Angela Meade (Soprano), Sarah Connolly (Mezzo-soprano)
Westminster Symphonic Choir, Joe Miller (Director), The Philadelphia Orchestra, Yannick, Nézet-Séguin (Music Director and Conductor)


Y. Nézet-Séguin (© Chris Lee)


The most vivid imagination would fruitlessly picture Gustav Mahler dunking for apples or trick ‘n’ treatin’ on Halloween evening. Yet still, the name “Resurrection” does pull up portraits of ghosts rising, floating specters, hallucinations and angels.


So the Philadelphia Orchestra scheduling of Mahler’s “Resurrection” Symphony was not too much out of place last night. The rest of New York was outside celebrating with funny hats, pirate eyepatches and Spiderman garb. Bur we inside the comfort of Carnegie Hall had at least the intimations of Walpurgisnacht.


More than intimation, though, was that the strings of the Philadelphia Orchestra, and the exciting conducting of their young Music Director Yannick Nézet-Séguin would be as exciting as the young Gustav Mahler would have wished.


The best laid plans, though, oft have a way to change. This was not the “great” Mahler one would have desired. Oh yes, that last movement massive choral/solo/orchestra crescendo almost physically lifts audiences to stand and offer huzzahs! But the rest of this work was more difficult to bring off.


The Maestro started with a conscious–all too conscious–contrast between the all too hushed start and the gloomy drama. That he was not quite able to make this a unified work was unusual. Nobody, except possibly Levine and Solti can turn this into a sweeping unity, pulling a listener into its core.
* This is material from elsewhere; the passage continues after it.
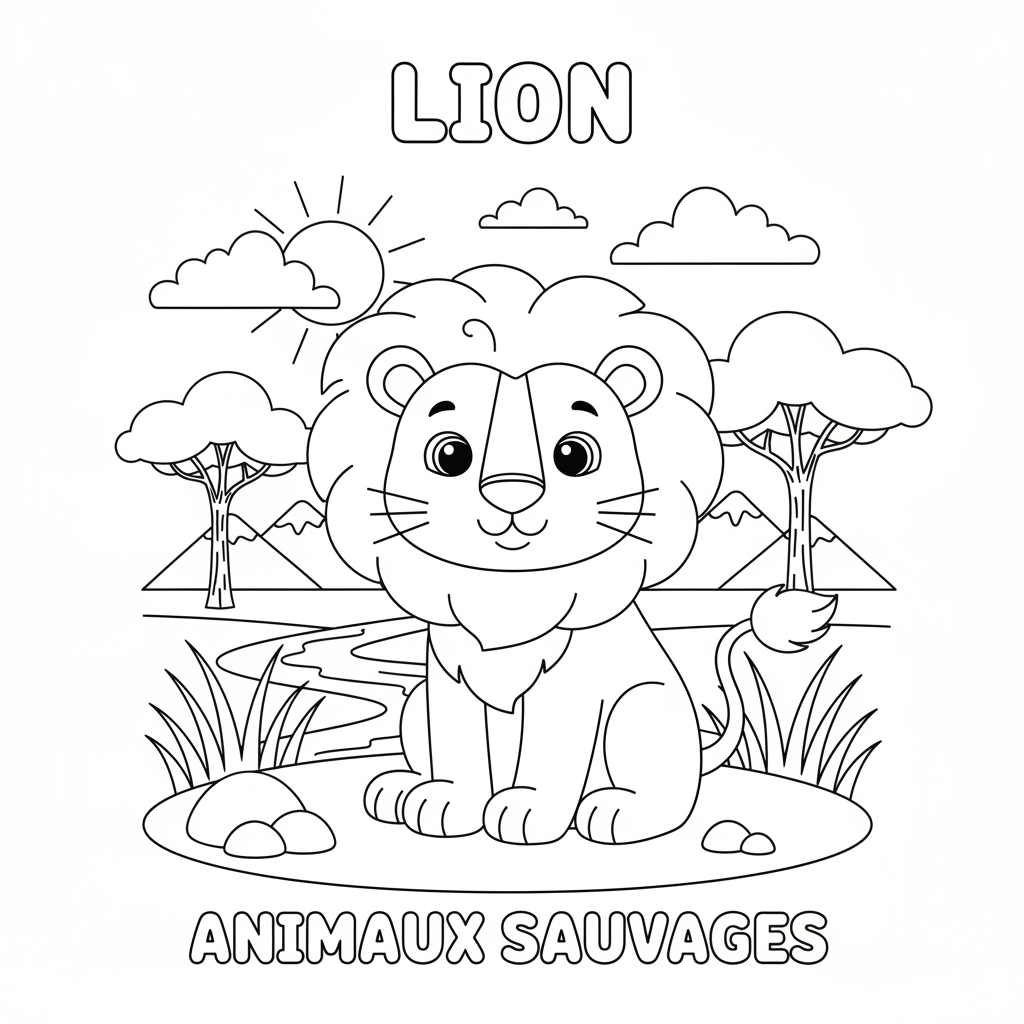 Coloriage lion coloriage 3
Evident with Mr. Nézet-Séguin, though, was that he had perhaps over-rehearsed the crisp notes, the hushes, those carefully considered details. Ignoring the fluffing horns, it still lacked flow, the emotions were startling rather than phrased, the eloquence was momentary than momentous.


This could have served, though, except for a strange event. The two soloists entered after this first movement, generating a not-surprising round of applause from the audience, breaking up the work as a whole.
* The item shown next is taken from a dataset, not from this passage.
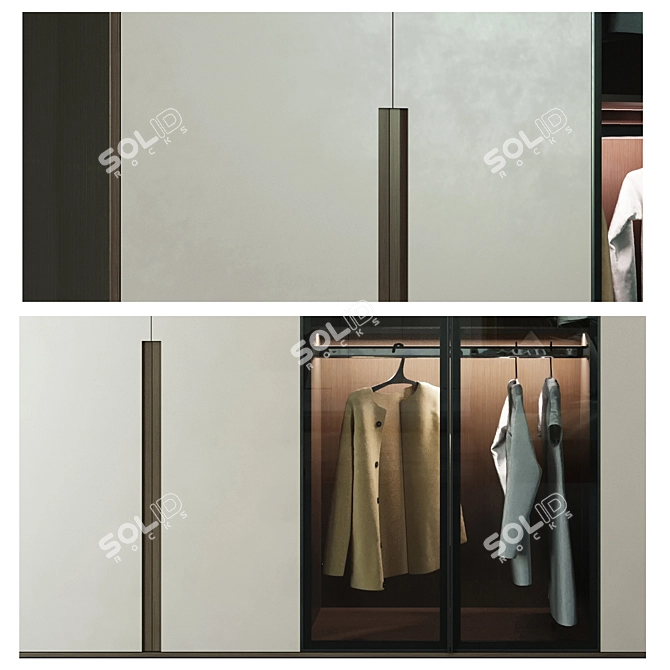 Sleek Glass-Front Wardrobe 3D model image 2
(This, and the later opening and closing of the side doors for the offstage music was a real distraction.)


Nor did the conductor help with a lagging, an almost tedious second movement. After all, this is ländler, a real dance. The tune may be simplistic, but it is elegant. And with this early symphony, Mahler was ready to picture the dancers swaying and fro-ing. Mahler in specifying Andante moderato wanted it to move. Instead, Mr. Nézet-Séguin gave it an enervation, a tiredness which only accentuated the triviality.
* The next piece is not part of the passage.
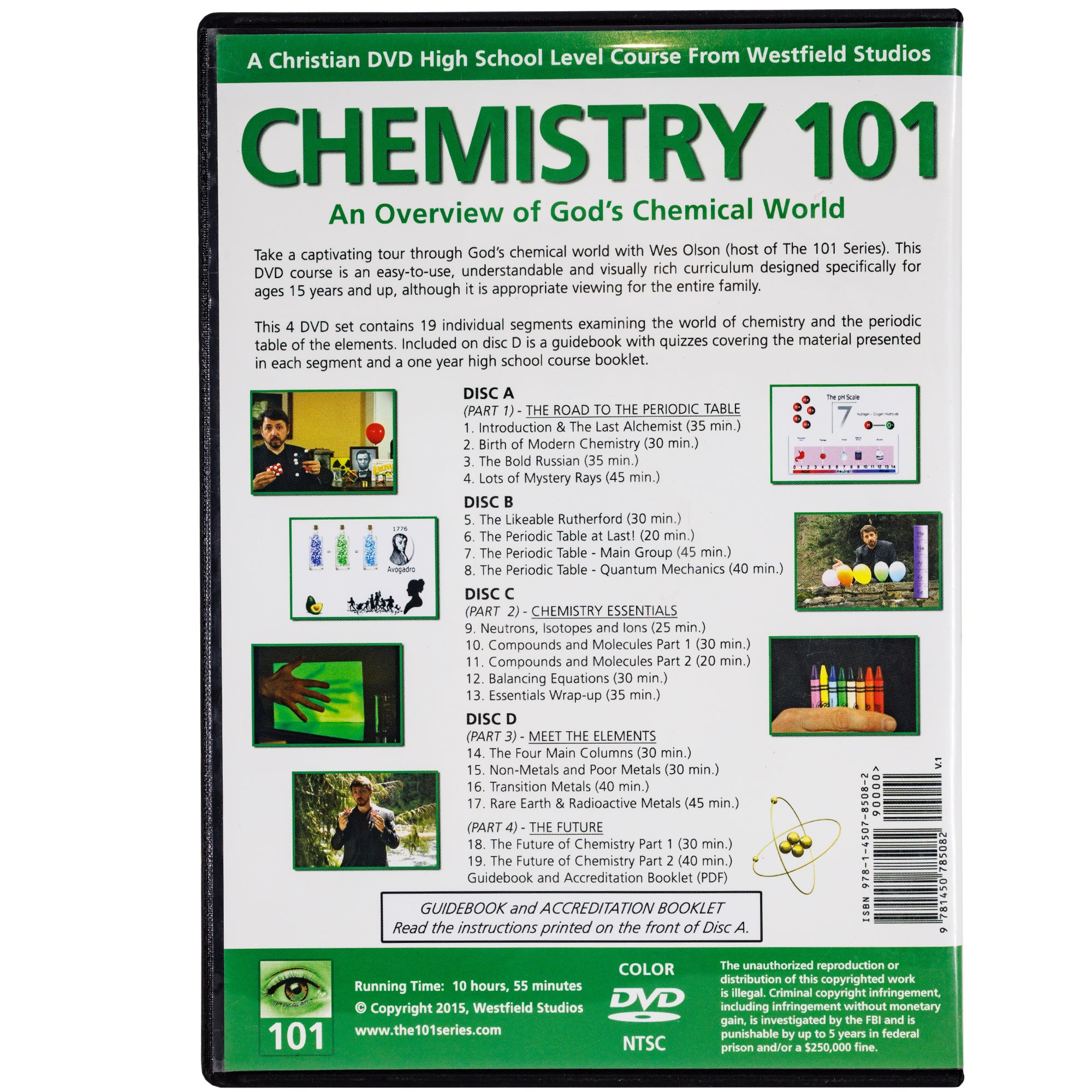The Chemistry 101 DVD case back. It is light gray with green borders on the top and bottom. There are 7 images on either side of black text, including; a man holding science manipulatives, an image that shows 3 glass bottles and illustrated images, a mans hand in front of a green glowing screen, an illustrations showing a PH scale, a man standing in front of 5 colored balloons, and a hand holding 8 different colored crayons.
Little grotesquerie was offered in the third movement, but when contralto Sarah Connelly got to her feet, her “Urlicht” created a holy feeling missing from the rest of the work. Her voice was not warm, but one didn’t need warmth when speaking of Man’s “pain” Man’s “need” And when she came to a description of heaven, Ms. Connelly’s simplicity was a joy in itself.


This, in fact, was the start of an animating compelling music which Mr. Nézet-Séguin continued until the end. The pandemonium, those offstage calls (with constantly moving doors), and the Dies Irae gave–finally!–the adequate preface for the sheer operatic beauty of Angela Meade. Her soprano was one of absolute drama, her orchestra followed her, and one knew that the finale would make the usual hairs raise on the usual neck.


The Westminster Choir–almost 150 voices–was the ideal size for a work of such blatantly Romantic grandeur. The Gustav Mahler we knew in the last symphonies as manic and depressive philosopher and mystic, was never in these last vocal/orchestral moments. This was Mahler the late 19th Century Darwinian optimist. The Klopstock poems spoke of resurrecting the spirit, but Mahler was composing music that would glorify the ultimate perfection on earth.


In this case, that glory soared to the highest balconies of Carnegie Hall, and the audience, which filled every seat, finally had their wishes for musical fervency, well fulfilled.